Friday, January 8, 2021

Dead Girls, by Selma Almada

 


9781916277847
Charco Press, 2020
originally published as Chicas muertas, 2014
translated by Annie McDermott
146 pp

paperback



I read this back in November but have reread it in the meantime, and it was even more powerful the second time through.  Dead Girls is described on the back cover as being a work of "journalistic fiction," defined as 
"a form of nonfiction that combines factual reporting with narrative techniques and stylistic strategies traditionally associated with fiction," 
used here to great effect to tell a story of three femicides that occurred over a short, six-year period in the 1980s, during which time Argentina was "celebrating its return to democracy."  The author's first exposure to femicide was at the age of thirteen, when as she says, a "dead girl crossed my path," although she also reveals that it was earlier,  during her childhood in a small town in Argentina's interior, that she came to sense that "as a girl"  she was safe nowhere, and that  "all the responsibility for what happened to us was laid at our feet ... it was always your fault."   Not even the family home, "the protective family space,"  was safe, since violence could happen there as well.  That dead girl crossing the author's path was Andrea Danne (19),  who had been murdered in her own bed; the other two women whose stories she examines are Maria Luisa Quevado (15)  strangled, raped, body dumped,  and Sarita Mundin (20), a young mother whose body was discovered washed up on a riverbank.   As one might guess, this is not an uplifting story, but it is one that needs to be told.  Now. Today. 
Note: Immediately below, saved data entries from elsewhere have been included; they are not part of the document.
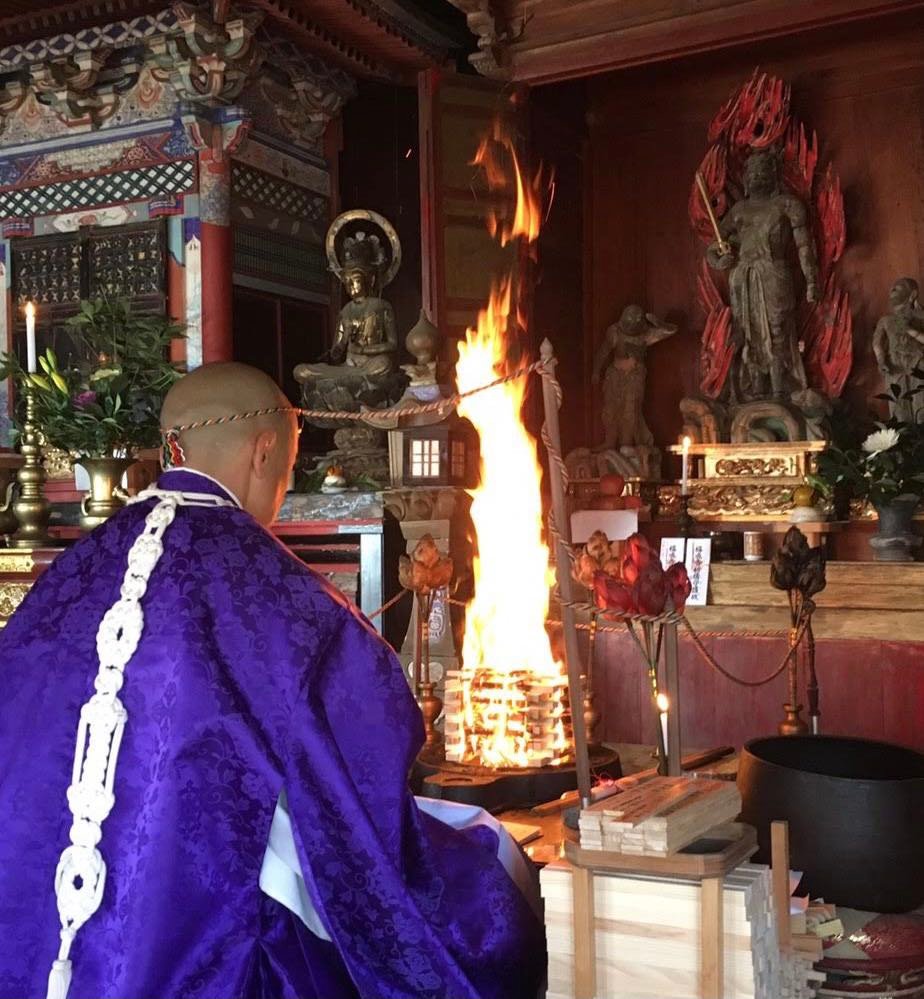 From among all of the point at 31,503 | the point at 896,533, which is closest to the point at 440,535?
the point at 31,503

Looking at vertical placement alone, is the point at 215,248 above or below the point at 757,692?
above

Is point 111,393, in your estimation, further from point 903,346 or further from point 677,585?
point 903,346

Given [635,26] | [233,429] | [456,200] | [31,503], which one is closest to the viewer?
[233,429]

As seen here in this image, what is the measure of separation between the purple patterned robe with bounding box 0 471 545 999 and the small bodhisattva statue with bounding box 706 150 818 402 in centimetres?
522

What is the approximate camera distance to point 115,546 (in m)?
1.88

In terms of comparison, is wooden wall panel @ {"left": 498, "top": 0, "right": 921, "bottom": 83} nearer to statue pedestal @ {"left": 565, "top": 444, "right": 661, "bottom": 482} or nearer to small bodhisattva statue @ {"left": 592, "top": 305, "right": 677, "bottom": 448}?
small bodhisattva statue @ {"left": 592, "top": 305, "right": 677, "bottom": 448}

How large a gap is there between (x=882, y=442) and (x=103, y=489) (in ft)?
11.0

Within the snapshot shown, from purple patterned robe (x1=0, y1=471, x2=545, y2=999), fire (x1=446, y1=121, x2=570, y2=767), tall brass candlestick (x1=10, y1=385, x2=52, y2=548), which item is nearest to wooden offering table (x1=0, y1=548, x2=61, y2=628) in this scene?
tall brass candlestick (x1=10, y1=385, x2=52, y2=548)

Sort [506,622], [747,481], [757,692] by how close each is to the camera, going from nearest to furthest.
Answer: [506,622] < [757,692] < [747,481]

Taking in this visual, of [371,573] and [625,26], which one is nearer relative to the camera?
[371,573]

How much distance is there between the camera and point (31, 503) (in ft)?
15.0

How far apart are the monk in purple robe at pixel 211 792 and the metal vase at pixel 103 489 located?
8.54 feet

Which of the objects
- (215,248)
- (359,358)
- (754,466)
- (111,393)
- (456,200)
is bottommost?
(754,466)

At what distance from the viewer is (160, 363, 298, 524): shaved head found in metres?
1.99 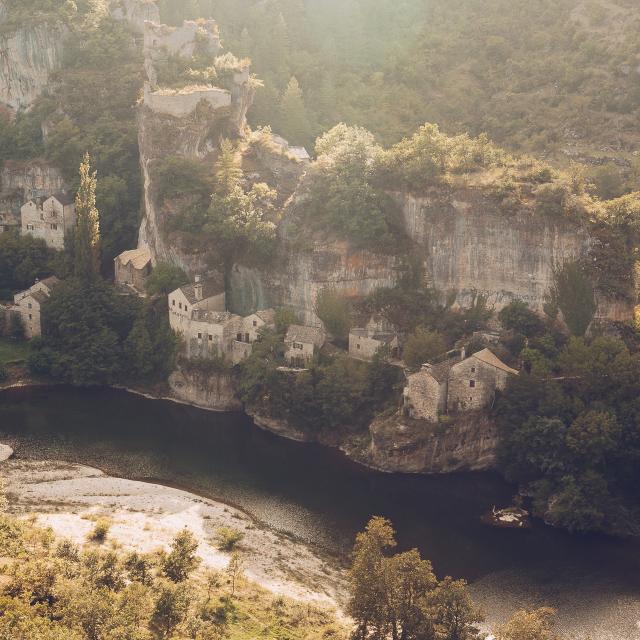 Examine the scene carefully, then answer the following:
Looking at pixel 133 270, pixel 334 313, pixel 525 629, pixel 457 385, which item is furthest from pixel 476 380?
pixel 133 270

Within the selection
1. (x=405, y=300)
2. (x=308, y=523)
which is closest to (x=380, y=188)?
(x=405, y=300)

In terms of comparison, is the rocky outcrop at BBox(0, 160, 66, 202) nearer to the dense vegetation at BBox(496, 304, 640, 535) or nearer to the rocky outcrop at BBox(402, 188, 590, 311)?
the rocky outcrop at BBox(402, 188, 590, 311)

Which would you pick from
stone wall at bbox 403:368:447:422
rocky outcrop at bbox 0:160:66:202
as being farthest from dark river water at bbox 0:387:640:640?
rocky outcrop at bbox 0:160:66:202

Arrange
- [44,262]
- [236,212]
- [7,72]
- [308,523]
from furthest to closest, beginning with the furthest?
[7,72]
[44,262]
[236,212]
[308,523]

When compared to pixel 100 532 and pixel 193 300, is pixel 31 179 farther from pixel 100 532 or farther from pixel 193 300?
Answer: pixel 100 532

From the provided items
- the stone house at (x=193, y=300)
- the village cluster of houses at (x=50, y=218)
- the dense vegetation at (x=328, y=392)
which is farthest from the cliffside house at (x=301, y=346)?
the village cluster of houses at (x=50, y=218)

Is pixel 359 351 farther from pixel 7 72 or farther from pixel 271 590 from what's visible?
pixel 7 72

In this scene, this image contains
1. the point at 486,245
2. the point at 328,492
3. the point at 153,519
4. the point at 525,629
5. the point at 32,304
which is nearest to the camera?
the point at 525,629

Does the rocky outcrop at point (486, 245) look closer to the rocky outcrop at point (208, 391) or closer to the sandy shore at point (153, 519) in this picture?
the rocky outcrop at point (208, 391) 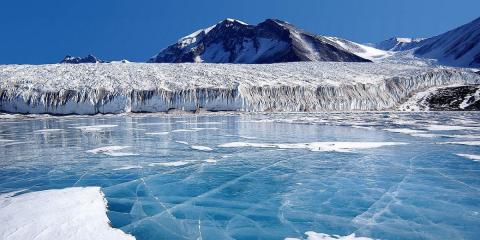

Dead Girls chronicles the author's investigations into the deaths of these three women, whose murderers were never brought to justice.  Over the course of three years she meets and talks to their friends, family members, or to anyone who might have known anything about what had happened to them.  While some are willing to talk, in many cases she is met with silence and evasion.  She also combs through newspapers, reports, archives, while at the same time, reflecting on her own childhood and realizing that the topic of violence of women "was always there."  She remembers and discusses  conversations  about women in the neighborhood who were beaten by their husbands, or who were controlled by the men in their lives  to the point where, for example, wearing high heels was not allowed "because they were for whores," or  the wearing of make-up was forbidden.  As Ms. Almada says, these were discussions "grown women" spoke about "in whispers," while her mother talked about them "loudly, indignantly," before being told to be quiet (when children were present)  in code:  
"Careful, there's laundry hanging up ... as if saying those things were like saying dirty words, or worse, as if they were a source of unimaginable shame." 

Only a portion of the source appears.